Diaz is also completing his single authored book, Reparative Acts: Redressive Nationalisms in Queer Filipino Lives. This work examines Filipino popular culture from the 1970’s onwards in order to chart the links between nationalisms, redress, and queer acts of resistance. This book is forthcoming with Temple University Press.
At the heart of all his academic pursuits are Diaz’s commitment to equity and social justice. He has thus worked with many community organizations in the greater Toronto area that seek to better the lives of people of color, queer, Indigenous, and differently abled communities. He has collaborated with Asian Community AIDS Services (ACAS), UKPC/FCYA, Magkaisa Centre and Kapisanan Centre, encouraging multiple forms of capacity building, pedagogy and learning beyond higher education.

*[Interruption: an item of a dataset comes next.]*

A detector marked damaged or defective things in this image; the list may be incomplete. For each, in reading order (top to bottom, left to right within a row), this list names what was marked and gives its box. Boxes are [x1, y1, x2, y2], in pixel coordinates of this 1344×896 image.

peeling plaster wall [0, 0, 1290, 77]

Diaz is open to mentoring and supervising students working the following fields: Postcolonial Studies, Transnational and Globalization Studies, Queer Studies, Asian Diasporic Studies, and Filipino Studies.

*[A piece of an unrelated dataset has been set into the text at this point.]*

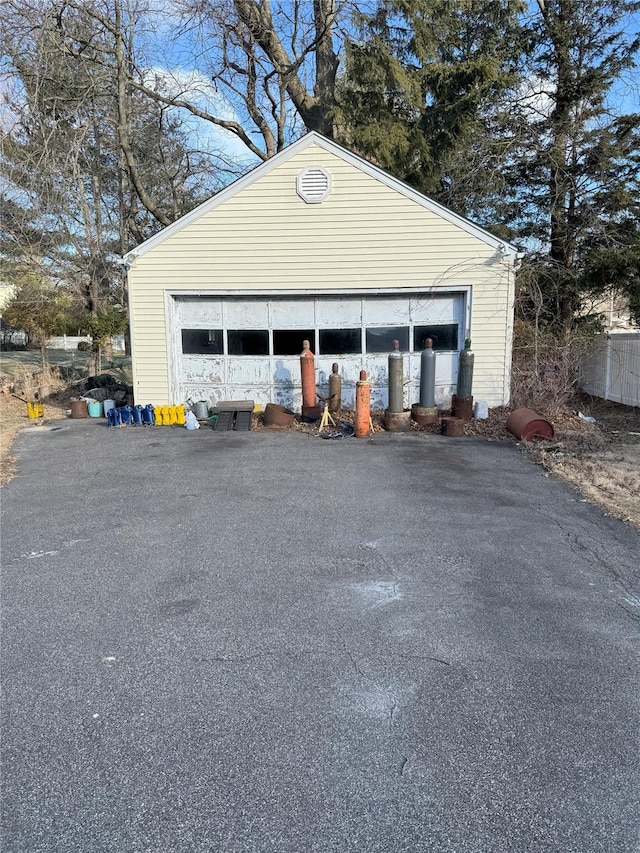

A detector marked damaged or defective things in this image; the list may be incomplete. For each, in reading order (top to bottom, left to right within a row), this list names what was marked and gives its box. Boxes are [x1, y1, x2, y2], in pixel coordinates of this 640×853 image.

cracked asphalt surface [1, 422, 640, 848]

Amina Farah is a queer Somali writer who calls Toronto home and has roots in Nairobi, Kenya. Her work is inspired by the folklore and storytelling she heard as a child and her experiences with migration are central to the themes of identity, belonging, and displacement that are often explored in her stories.

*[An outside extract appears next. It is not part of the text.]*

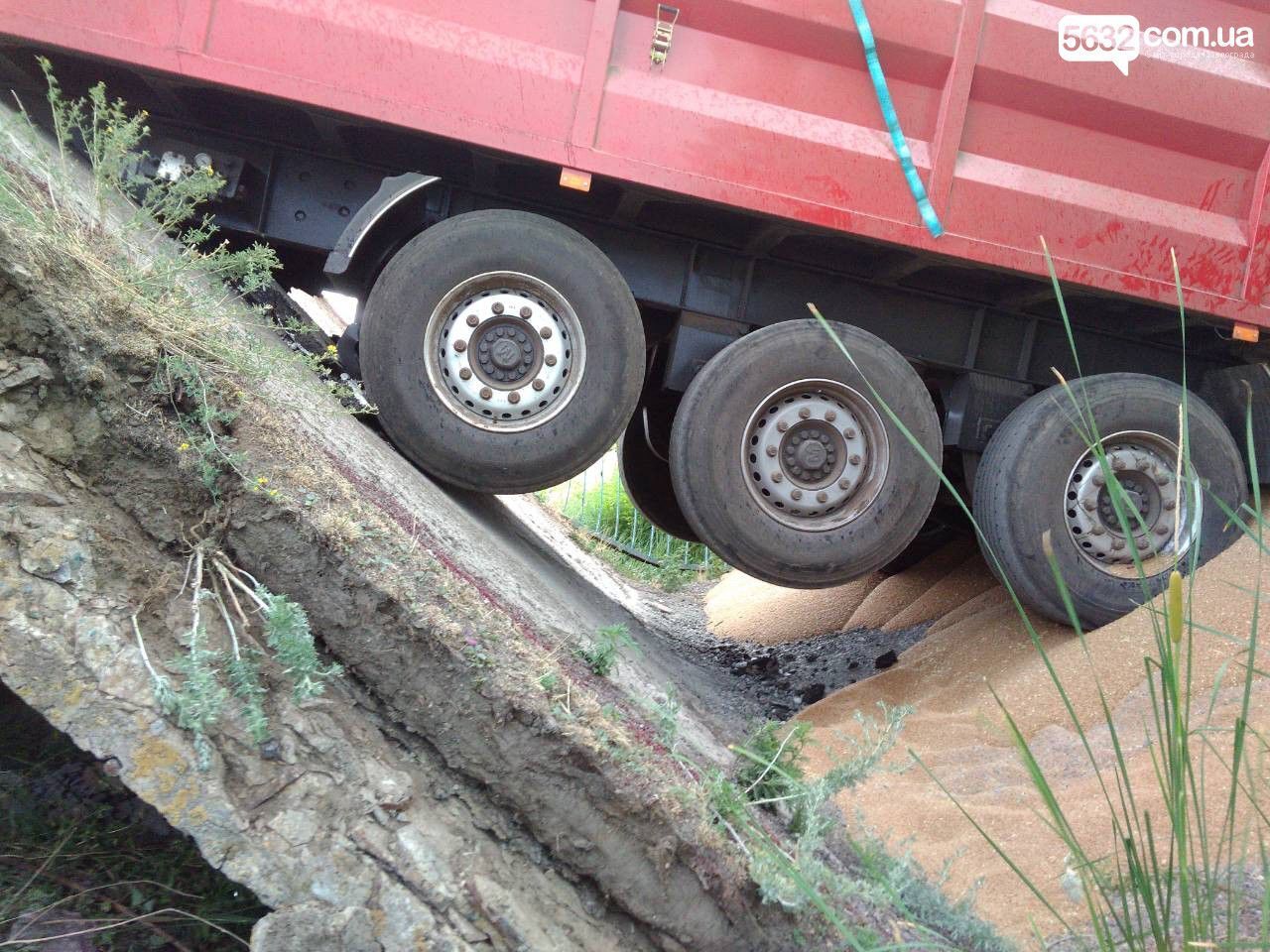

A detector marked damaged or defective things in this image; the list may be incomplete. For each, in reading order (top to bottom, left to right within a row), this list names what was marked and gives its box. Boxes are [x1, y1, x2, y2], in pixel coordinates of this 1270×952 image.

broken concrete edge [0, 109, 813, 949]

She completed an MFA in creative writing at the University of Guelph and continues to be inspired to write by her brilliant adopted queer family of impassioned storytellers and artists.
JOWENNE CARPO HERRERA
Jowenne Carpo Herrera is a queer migrant Filipinx visual artist and designer who works with various media integrating painting, drawing, illustration, photography and typography. Many of his works depict subjects drawn from nature and daily urban landscapes – experimenting with the dualities and tensions between identities, societies and idealisms. He thrives in the diversity of thought – inspired by the many things he sees, feels and experiences every day. Herrera holds a degree in Communications & Design, Marketing & Advertising from the Ontario College of Art and Design University. He is a Registered Graphic Designer of Ontario (RGD) and Certification Portfolio Evaluator for the association. He owns ABAKADA design + communication, and for over 20 years has been delivering creative design solutions across public, private and not for profit sectors – specializing in brand development, editorial design and graphic illustration. He is a senior consultant on the Ontario Place Revitalization Branch, He served as John B. Aird Gallery Chair/President and Director in Toronto for over 10 years; stepping down from the Aird board in July 2019.
Carla Garnet is the Director and Curator of the John B. Aird Gallery and the JOUEZ curator for the annual BIG on Bloor Festival of Arts and Culture in Toronto. She has worked as the curator at the Art Gallery of Peterborough (2010-2013), as a guest curator at Gallery Stratford (2009-2010), as an independent curator (1997-2010), and was the founder and director of Garnet Press Gallery (1984-97). Garnet holds an Associate Diploma from the Ontario College of Art and Design and a Masters Degree in Art History from York University. Garnet is interested in the politics of the art exhibition and its potential to function as a common—a public space for dialogue. Her curatorial area of interest engages with an exploration of work that presents the possibility of existing simultaneously in many tenses or occupying more than one subject position at once, or both as a way to open up space for greater empathy. For Garnet, an artwork’s significance is tied up with an ability to say what otherwise might be unsayable.